Отцу трудно было признаться, что он даже не уверен, любит ли он своего сына. И всё же он был не просто отцом. Он также был правителем, а обязанностью правителя было подготовить своего преемника. Чувствовать уверенность в том, что его власть перейдёт к тому, кто готов взять на себя это бремя. А когда он не мог этого чувствовать, когда естественное разочарование родителя оказывалось соединённым с признанием правителем непригодности его наследника, гнев и беспокойство слишком часто отравляли естественную привязанность этого самого родителя.

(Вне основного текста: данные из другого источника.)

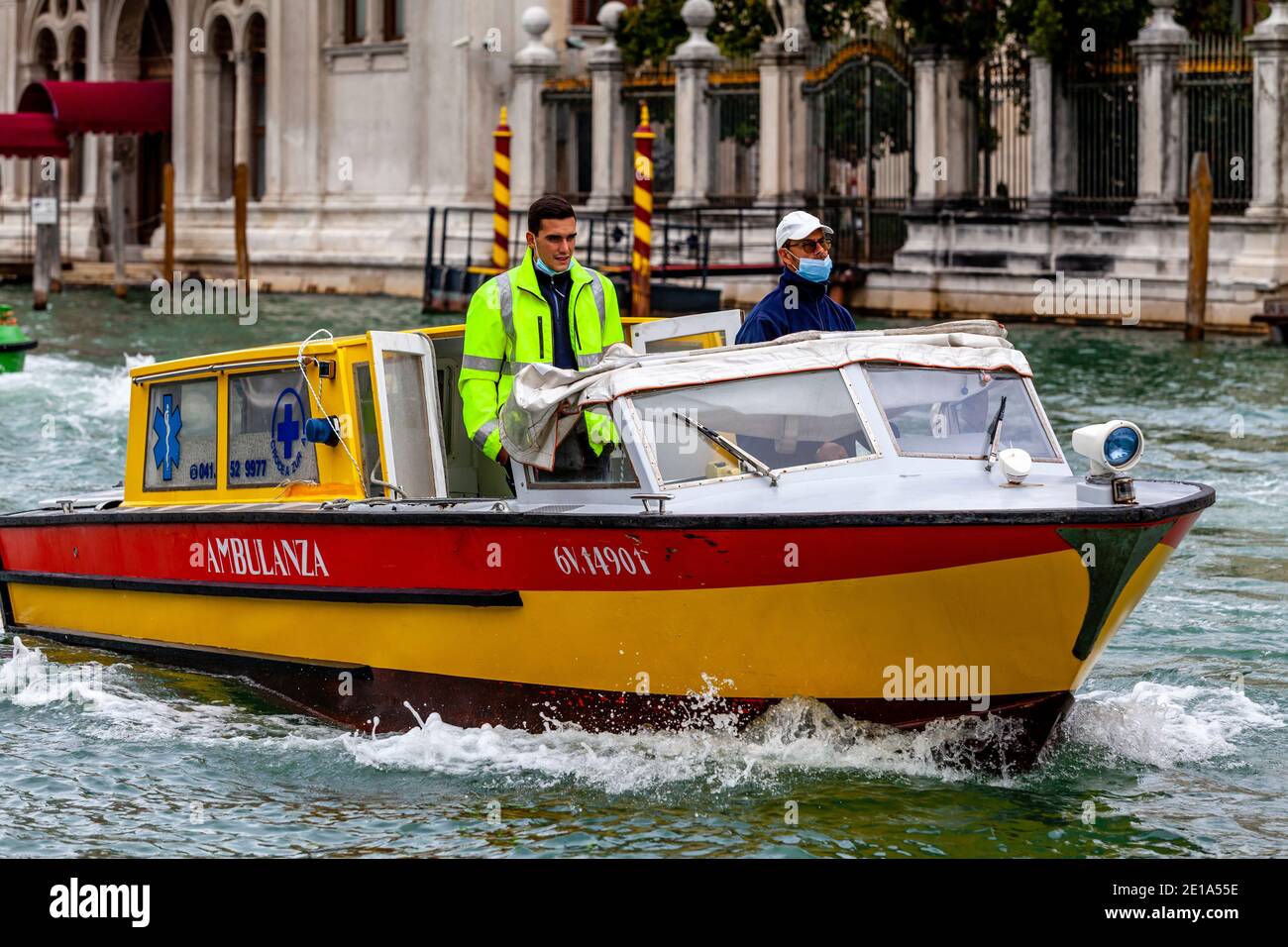Un bateau ambulanciers sur le Grand Canal, Venise, Italie. Banque D'Images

«Я не должен беспокоиться об этом прямо сейчас», — твёрдо сказал себе Гектор. — «Есть так много других вещей, с которыми мне нужно разобраться. Если я не смогу каким-то образом убедить Кайлеба, что будет более опасно убрать меня, чем оставить на месте, не будет иметь значения, сможет ли Гектор стать компетентным правителем после меня, потому что у него никогда не будет такого шанса».
«Конечно, не сможет», — ответил другой уголок его мозга. — «И сколько раз в прошлом ты использовал отговорку про «другие дела», чтобы не разбираться с этим?»
Князь Корисандский поморщился, чувствуя, как наслаждение утренним солнцем, ветерком и свежим солёным воздухом ускользает от него. И в основном, он знал, это было потому, что он знал, что едкий уголок его мозга был прав. Он должен был «разобраться с этим». Конечно, это было легче признать, чем точно выяснить, как он собирается это сделать, но было много аспектов того, чтобы значит быть правителем или, если уж на то пошло, родителем, которые были столь же важны, как и неприятны, и…
На этот раз, всё было организовано лучше. Арбалетчиков было не двое, а двенадцать, и ни один из гвардейцев Гектора вовремя их не заметил.
Четыре окованных сталью арбалетных болта вонзились в князя Гектора. Любая из нанесённых ими ран была бы смертельной, а их жестокие удары выбили его из седла. Ему показалось, что его ударили в грудь и живот раскалёнными добела шипами, и он почувствовал, что падает, падает, падает… Это было так, как если бы он кувыркался головой вперёд в какой-то невероятно глубокий воздушный колодец, а затем он закричал от боли, так как наконец ударился о землю и время возобновило свой бег. Горячая кровь пульсировала, пропитывая его куртку, наполняя вселенную болью и осознанием того, что смерть, наконец, пришла за ним.
И всё же, какой бы ужасной ни была эта боль, он едва замечал её перед лицом агонии, более глубокой, чем любые муки плоти.